It just kills me how often I see unencoded HTML (of the severity that actually breaks things), and how defensive companies get when it's pointed out. As if it were a lengthy or difficult fix.


Wait ...

pudge on 2005-07-07T07:09:41

Are you saying ' and " must not be single octets anywhere in the text of HTML, but rather, that &apos; and &quot; must be used? What part of the HTML spec did you get that from? In attribute values, yes, but in the text, there's no such requirement.

Re:Wait ...

brianiac on 2005-07-07T16:33:13

These are subtleties that I see no need to try to explain to people that resist even encoding . This is not a normative reference work, but a rule of thumb intended for an audience with a poor track record of understanding and accepting standards.

Re:Wait ...

brianiac on 2005-07-07T16:38:27

"...even encoding < and > ."

Apparently this is some strange new usage of "Plain Old Text" that I was not previously aware of.

Re:Wait ...

pudge on 2005-07-07T16:45:25

Plain Old Text still allows HTML, but it takes care of newlines, and it's worked that way for years in Slash without too many complaints.

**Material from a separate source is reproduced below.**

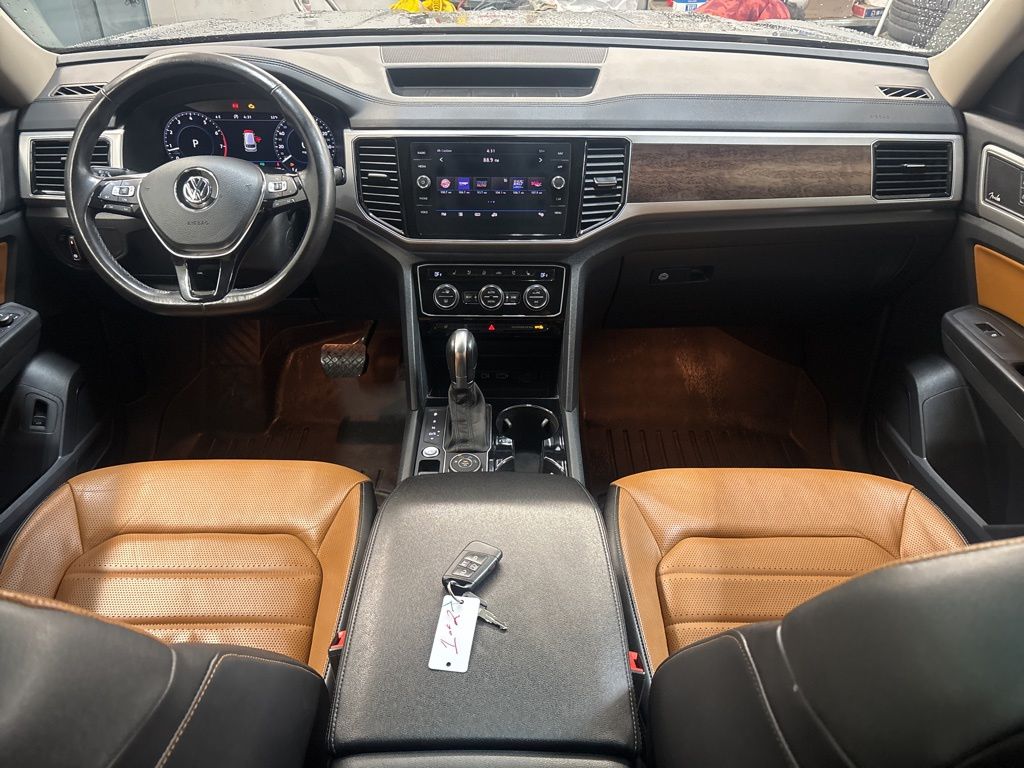 Thumbnail: 2018 Volkswagen Atlas - 11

We'd get a lot more if it worked as you wanted it to. You wanted Extrans. Which has a lame name. But oh well.

Re:Wait ...

pudge on 2005-07-07T16:43:56

It's not a subtlety: there is simply no need to encode ' and " anywhere but in attributes.

Also, &apos; is illegal in HTML. It's only a named entity in XHTML.

Re:Wait ...

brianiac on 2005-07-07T17:31:30

But not even all attributes require &quot:, only attributes that use " as a delmiter. My original intent was a single clear rule, without dithering or qualifying that could be used as an excuse to ignore this process based on complexity.

I work with several third-party vendors in the financial sector, who have a great deal to learn about web development. This is meant to be simple enough to remember for those writing home banking, bill payment, loan application, and other web apps, but also apps from any other sector (niche software needing the biggest shove).

The lack of &apos; in the HTML spec is obviously an oversight by the W3C. Why would ' -delimited attributes not be given the same escape mnemonic capacity (&#39; or &#x27; just aren't as easy to remember) that " -delimited attributes are?

However, the point is taken. See if the update seems better to you.

Re:Wait ...

pudge on 2005-07-07T17:47:31

I'd say a better rule is to not delimit attributes with ', and use onle ", as God intended. :-)

As to why &apos; is missing, no idea, but yeah, it seems lame. But as everyone seems to accept it (except for proper strict validators that know about entities), it's not something I'd personally care too much about. Just offering it as a footnote.

Re:Wait ...

dws on 2005-07-07T18:29:13

So people are resisting what? A rule of thumb?

Re:Wait ...

brianiac on 2005-07-07T23:42:18

Yes. Perhaps more properly, a simplified version of the spec. Too much truly lousy HTML is being generated.